• _Exercise_
If a line in the listing carries the word "Chapter", return a copy of that line.

• _Input data_

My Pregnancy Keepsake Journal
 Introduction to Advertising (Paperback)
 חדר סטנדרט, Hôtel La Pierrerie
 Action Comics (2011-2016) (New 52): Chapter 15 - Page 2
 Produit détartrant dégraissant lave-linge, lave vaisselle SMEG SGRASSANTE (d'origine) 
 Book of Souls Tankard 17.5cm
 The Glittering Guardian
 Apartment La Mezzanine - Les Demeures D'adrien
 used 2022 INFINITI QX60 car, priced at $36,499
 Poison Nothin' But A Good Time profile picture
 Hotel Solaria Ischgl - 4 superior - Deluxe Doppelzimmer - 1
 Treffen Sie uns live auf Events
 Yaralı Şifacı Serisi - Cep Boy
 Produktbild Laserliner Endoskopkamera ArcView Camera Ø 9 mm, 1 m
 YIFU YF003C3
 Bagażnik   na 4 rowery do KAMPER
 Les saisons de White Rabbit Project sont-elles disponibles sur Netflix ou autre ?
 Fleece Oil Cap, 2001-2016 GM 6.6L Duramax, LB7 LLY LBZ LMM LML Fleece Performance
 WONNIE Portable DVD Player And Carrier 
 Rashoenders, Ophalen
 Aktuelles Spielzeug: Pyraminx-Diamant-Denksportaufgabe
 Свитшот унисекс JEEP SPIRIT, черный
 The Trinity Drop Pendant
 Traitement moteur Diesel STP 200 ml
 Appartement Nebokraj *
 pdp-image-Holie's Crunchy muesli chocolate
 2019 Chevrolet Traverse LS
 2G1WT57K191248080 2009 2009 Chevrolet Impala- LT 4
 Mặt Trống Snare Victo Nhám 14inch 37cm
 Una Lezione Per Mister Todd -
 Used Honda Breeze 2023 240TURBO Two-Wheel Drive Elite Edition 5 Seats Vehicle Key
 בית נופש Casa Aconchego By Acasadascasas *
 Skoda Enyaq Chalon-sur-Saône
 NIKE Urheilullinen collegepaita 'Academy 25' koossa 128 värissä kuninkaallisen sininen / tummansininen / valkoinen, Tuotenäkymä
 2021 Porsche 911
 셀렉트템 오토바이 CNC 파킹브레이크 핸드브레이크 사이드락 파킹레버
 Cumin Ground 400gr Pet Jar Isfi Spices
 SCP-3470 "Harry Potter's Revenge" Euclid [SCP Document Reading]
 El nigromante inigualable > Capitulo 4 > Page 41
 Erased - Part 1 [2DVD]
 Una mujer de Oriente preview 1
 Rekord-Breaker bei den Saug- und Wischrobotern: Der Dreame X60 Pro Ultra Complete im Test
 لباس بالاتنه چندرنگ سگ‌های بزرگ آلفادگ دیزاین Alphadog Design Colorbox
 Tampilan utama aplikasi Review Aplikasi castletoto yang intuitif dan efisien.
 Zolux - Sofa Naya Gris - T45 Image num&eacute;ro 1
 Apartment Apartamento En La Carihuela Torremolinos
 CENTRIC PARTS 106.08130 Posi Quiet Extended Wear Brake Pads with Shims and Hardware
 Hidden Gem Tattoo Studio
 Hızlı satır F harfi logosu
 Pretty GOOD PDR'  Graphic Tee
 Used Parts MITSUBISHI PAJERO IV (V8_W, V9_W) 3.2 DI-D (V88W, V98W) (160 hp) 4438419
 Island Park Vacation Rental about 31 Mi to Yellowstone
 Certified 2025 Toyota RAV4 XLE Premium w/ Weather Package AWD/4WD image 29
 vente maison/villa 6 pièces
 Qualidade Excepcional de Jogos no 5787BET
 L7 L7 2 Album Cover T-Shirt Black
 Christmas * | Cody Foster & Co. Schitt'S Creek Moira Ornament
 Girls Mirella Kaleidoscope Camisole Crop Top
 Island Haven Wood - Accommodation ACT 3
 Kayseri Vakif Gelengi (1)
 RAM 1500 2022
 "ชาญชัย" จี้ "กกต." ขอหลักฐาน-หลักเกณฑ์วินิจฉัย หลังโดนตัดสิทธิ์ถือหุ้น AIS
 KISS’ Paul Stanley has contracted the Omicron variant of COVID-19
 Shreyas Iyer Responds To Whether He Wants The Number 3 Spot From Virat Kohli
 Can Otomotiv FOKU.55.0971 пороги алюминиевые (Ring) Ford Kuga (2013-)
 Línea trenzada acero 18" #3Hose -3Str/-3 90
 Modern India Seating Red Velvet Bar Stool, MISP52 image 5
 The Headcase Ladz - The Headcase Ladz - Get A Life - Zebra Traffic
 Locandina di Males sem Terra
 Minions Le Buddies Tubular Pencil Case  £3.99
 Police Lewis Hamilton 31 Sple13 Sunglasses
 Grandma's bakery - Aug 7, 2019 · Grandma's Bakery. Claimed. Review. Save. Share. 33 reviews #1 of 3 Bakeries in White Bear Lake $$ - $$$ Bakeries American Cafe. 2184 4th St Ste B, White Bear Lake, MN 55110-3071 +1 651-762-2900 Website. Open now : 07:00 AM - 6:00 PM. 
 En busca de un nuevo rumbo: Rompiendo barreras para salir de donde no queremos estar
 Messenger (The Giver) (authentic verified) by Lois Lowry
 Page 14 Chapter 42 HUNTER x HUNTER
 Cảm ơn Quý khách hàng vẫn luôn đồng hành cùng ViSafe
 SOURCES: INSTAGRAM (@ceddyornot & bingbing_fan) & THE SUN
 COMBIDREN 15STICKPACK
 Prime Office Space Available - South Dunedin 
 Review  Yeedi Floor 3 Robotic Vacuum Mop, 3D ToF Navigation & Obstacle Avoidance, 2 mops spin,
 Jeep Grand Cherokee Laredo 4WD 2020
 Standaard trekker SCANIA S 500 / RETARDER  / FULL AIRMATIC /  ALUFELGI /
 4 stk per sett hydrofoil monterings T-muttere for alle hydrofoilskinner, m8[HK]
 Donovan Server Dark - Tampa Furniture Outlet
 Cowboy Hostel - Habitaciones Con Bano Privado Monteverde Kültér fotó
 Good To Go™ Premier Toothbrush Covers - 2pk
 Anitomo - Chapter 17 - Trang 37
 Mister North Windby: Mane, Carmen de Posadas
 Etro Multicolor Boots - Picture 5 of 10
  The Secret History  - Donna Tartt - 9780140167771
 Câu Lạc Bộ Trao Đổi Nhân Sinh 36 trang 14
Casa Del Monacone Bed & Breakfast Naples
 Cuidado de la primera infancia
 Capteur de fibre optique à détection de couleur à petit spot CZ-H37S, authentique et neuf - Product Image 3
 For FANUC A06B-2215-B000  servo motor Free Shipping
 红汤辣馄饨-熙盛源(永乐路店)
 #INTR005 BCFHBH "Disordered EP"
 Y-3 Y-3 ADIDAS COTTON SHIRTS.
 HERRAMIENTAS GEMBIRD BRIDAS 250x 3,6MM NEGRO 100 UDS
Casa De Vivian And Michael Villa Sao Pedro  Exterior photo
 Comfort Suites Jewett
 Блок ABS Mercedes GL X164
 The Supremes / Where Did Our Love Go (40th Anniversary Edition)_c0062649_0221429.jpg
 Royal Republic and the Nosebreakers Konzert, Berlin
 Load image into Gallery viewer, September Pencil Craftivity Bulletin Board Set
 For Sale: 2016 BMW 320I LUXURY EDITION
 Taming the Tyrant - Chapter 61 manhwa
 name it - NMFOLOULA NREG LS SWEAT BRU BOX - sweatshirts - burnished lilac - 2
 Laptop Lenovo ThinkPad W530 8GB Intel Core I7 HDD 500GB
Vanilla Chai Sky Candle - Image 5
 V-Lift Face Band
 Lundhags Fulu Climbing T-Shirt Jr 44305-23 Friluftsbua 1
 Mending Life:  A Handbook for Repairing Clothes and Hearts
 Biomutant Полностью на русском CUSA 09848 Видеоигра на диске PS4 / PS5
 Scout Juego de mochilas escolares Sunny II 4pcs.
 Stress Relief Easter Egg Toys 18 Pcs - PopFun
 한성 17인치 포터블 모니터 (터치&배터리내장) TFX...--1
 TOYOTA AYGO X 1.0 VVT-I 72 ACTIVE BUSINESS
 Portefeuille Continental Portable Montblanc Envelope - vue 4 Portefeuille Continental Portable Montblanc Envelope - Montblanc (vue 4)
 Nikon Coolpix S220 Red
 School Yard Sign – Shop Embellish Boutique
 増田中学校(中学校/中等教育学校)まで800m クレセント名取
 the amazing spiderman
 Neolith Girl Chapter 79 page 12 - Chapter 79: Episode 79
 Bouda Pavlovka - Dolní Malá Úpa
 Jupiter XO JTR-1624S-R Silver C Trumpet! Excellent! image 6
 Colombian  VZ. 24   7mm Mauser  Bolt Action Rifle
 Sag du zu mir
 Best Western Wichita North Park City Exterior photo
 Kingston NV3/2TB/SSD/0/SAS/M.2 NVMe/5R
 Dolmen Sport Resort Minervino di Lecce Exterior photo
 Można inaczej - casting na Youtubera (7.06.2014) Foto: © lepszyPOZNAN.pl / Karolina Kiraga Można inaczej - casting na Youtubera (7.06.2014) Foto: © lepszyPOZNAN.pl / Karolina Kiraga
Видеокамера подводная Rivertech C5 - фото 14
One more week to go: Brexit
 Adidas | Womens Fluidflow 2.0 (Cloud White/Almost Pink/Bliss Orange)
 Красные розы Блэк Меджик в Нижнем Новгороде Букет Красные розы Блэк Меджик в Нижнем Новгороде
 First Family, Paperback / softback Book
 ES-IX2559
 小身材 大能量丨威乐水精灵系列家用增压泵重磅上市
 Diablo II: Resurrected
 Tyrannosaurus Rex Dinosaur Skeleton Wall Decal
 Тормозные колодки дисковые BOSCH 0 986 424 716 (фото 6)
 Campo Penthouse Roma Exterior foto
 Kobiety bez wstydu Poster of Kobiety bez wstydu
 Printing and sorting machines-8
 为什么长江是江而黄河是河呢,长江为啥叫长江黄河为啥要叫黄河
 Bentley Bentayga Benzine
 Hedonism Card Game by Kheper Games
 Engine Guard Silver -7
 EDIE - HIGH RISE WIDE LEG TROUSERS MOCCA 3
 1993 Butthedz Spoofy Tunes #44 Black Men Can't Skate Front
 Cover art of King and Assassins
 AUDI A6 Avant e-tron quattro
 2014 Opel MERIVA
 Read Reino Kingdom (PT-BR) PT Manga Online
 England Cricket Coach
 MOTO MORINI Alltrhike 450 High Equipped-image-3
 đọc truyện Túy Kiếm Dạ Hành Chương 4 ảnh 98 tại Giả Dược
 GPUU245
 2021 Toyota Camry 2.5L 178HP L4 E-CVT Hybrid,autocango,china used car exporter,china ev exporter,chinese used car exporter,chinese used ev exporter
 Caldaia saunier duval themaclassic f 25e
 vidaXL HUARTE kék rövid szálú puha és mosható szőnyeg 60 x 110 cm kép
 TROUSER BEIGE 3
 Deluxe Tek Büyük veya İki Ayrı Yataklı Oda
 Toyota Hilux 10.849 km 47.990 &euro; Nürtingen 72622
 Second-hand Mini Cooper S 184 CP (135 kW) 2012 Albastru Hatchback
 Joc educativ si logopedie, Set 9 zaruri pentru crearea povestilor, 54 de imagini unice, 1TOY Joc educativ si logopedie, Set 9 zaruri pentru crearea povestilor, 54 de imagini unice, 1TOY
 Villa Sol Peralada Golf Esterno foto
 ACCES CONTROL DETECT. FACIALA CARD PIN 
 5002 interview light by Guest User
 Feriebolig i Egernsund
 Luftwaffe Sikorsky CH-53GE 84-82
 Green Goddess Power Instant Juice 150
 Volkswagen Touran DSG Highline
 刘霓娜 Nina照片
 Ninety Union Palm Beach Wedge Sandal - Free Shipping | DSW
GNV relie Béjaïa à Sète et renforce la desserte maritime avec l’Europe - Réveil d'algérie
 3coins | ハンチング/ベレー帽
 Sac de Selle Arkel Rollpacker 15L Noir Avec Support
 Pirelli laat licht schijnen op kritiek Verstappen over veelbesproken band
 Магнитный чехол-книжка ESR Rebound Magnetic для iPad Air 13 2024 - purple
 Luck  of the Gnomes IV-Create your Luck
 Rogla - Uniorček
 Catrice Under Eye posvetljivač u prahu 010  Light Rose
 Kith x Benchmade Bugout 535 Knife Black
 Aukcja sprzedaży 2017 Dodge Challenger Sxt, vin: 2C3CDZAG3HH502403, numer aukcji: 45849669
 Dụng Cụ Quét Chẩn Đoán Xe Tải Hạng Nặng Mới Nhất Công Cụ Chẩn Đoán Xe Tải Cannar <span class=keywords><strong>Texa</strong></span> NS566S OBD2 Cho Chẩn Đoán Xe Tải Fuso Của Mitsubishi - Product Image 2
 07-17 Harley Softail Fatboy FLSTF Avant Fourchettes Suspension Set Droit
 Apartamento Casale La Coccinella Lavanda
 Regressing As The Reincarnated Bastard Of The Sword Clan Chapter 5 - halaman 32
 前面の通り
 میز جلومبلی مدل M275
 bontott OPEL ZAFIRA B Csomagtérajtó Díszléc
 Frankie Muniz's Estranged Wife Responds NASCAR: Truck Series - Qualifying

• _Output for this exercise_
 Action Comics (2011-2016) (New 52): Chapter 15 - Page 2
 Page 14 Chapter 42 HUNTER x HUNTER
 Anitomo - Chapter 17 - Trang 37
 Taming the Tyrant - Chapter 61 manhwa
 Neolith Girl Chapter 79 page 12 - Chapter 79: Episode 79
 Regressing As The Reincarnated Bastard Of The Sword Clan Chapter 5 - halaman 32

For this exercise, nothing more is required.